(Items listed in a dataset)
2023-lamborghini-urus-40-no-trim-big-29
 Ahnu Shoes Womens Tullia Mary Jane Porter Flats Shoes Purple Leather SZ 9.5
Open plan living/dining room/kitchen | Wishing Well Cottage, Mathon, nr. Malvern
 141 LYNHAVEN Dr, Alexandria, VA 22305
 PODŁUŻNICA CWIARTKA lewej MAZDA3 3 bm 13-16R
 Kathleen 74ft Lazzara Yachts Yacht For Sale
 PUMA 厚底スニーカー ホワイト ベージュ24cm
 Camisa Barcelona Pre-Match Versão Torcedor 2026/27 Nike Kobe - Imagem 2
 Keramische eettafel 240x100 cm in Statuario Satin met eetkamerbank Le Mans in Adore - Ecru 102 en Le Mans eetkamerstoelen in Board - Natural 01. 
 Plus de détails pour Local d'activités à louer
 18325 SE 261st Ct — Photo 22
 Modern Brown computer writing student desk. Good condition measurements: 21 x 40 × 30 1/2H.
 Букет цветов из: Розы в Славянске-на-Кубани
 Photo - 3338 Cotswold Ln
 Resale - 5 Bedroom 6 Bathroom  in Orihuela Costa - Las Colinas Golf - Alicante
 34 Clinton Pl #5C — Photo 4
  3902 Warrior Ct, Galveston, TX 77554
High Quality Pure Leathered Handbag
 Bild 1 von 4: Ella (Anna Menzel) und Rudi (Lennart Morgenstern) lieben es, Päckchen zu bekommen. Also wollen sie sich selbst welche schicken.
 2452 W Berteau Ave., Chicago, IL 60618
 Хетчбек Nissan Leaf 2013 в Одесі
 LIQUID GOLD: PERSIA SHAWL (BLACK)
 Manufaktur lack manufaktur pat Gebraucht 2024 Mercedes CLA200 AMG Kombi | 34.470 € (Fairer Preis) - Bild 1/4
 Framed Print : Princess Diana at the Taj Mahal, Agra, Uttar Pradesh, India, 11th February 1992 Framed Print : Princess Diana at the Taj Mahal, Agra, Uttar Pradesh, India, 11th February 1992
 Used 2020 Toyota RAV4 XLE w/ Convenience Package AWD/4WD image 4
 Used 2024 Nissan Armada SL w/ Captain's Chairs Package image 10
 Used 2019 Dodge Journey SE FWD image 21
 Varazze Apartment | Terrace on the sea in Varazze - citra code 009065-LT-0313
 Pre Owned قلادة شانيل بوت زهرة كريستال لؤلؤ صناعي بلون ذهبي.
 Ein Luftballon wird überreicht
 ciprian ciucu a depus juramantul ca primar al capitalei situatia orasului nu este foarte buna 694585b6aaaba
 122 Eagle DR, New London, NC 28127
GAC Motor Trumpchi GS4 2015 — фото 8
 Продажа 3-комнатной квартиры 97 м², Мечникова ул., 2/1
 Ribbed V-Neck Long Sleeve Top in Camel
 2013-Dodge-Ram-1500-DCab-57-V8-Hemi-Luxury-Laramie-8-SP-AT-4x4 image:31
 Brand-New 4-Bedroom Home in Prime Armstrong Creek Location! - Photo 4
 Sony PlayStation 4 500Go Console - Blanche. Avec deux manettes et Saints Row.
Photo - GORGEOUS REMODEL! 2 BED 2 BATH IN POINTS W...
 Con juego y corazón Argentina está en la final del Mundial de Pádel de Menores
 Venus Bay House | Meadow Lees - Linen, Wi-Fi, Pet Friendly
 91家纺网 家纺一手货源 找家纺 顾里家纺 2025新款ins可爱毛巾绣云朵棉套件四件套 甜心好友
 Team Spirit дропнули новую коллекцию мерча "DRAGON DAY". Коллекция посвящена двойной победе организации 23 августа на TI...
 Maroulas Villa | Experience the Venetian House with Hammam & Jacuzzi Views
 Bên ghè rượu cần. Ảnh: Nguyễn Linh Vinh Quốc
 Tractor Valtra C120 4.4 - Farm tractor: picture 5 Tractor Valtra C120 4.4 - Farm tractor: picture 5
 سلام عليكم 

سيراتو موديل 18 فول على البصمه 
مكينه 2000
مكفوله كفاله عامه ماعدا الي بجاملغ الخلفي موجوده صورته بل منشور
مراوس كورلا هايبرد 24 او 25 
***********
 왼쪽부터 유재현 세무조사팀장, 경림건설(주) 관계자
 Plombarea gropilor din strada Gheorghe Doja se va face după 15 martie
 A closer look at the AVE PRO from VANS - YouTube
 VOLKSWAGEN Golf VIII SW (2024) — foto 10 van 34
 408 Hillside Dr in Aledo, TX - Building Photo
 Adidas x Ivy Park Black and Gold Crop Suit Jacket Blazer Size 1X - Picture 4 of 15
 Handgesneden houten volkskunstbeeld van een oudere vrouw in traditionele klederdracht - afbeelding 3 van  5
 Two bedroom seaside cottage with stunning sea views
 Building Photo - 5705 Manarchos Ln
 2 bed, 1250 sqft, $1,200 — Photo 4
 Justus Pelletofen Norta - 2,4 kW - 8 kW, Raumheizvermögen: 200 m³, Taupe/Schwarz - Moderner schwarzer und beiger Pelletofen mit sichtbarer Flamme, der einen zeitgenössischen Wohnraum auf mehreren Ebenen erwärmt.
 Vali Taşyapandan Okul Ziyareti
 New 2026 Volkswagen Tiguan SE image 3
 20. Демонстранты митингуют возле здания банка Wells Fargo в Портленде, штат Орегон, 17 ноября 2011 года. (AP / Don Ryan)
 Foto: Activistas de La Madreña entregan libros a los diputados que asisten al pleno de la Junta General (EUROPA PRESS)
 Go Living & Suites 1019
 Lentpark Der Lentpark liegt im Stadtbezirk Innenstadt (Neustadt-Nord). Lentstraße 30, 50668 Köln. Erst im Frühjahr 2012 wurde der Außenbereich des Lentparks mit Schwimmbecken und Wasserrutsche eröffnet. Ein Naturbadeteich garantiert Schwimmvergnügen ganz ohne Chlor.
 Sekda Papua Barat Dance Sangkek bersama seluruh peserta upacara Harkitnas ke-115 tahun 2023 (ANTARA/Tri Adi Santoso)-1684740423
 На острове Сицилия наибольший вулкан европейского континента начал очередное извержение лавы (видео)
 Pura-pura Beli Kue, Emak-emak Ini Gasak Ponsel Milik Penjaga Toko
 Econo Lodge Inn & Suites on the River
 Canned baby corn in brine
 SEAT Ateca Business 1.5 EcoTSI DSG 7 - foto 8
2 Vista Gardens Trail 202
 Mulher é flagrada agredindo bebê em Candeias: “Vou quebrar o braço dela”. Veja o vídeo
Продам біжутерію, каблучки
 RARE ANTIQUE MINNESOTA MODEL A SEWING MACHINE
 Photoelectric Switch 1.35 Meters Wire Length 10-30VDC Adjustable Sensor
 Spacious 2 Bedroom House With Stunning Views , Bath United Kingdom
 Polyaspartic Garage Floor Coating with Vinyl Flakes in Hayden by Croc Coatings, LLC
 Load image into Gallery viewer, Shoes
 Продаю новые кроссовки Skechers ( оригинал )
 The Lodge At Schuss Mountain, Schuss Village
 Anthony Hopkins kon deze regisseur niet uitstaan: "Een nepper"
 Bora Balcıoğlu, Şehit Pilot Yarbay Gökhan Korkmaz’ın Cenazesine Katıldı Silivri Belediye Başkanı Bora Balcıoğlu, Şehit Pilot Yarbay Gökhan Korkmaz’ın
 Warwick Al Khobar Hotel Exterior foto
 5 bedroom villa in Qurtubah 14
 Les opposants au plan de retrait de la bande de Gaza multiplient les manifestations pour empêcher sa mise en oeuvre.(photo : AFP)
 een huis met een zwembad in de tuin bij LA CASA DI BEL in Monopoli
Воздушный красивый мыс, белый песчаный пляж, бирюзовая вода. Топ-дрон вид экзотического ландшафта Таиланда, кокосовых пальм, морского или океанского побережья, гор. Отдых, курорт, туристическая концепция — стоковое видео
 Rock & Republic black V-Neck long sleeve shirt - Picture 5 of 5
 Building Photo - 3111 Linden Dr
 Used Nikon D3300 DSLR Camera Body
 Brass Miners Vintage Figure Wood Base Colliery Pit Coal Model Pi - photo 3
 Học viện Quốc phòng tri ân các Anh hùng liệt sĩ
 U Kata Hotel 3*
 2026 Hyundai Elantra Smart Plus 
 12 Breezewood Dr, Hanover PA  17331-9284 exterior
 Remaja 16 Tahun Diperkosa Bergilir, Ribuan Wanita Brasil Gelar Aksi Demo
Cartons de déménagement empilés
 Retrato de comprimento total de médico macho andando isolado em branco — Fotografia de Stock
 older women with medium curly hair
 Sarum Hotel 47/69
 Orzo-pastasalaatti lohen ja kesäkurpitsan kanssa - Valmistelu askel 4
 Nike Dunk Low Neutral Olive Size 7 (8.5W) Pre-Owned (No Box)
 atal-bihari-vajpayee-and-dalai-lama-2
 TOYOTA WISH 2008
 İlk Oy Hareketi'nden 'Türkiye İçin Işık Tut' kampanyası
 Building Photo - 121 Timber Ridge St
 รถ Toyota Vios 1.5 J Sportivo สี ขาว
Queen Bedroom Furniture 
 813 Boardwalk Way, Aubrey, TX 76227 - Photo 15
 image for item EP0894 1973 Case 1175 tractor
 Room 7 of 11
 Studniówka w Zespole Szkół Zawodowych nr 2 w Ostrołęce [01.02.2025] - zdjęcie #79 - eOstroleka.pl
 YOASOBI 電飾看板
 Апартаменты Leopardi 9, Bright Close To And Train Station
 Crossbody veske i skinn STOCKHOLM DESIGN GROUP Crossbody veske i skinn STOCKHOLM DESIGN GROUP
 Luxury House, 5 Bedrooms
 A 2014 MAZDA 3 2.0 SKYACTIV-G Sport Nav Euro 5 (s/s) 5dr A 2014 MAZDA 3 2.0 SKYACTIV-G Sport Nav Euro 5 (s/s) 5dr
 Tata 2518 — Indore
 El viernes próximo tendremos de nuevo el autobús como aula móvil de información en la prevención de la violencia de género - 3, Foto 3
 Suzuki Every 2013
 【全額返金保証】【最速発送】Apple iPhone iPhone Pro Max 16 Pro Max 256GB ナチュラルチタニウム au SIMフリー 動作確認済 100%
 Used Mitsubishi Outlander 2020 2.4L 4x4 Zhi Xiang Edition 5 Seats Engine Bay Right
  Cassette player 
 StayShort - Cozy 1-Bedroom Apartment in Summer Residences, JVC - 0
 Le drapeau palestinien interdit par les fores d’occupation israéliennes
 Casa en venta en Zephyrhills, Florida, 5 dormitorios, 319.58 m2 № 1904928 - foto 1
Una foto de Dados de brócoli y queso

> TO DO
Only the lines that hold the word "Golf" are wanted; each should be pulled from the records.

> RESPONSE AREA
 Resale - 5 Bedroom 6 Bathroom  in Orihuela Costa - Las Colinas Golf - Alicante
 VOLKSWAGEN Golf VIII SW (2024) — foto 10 van 34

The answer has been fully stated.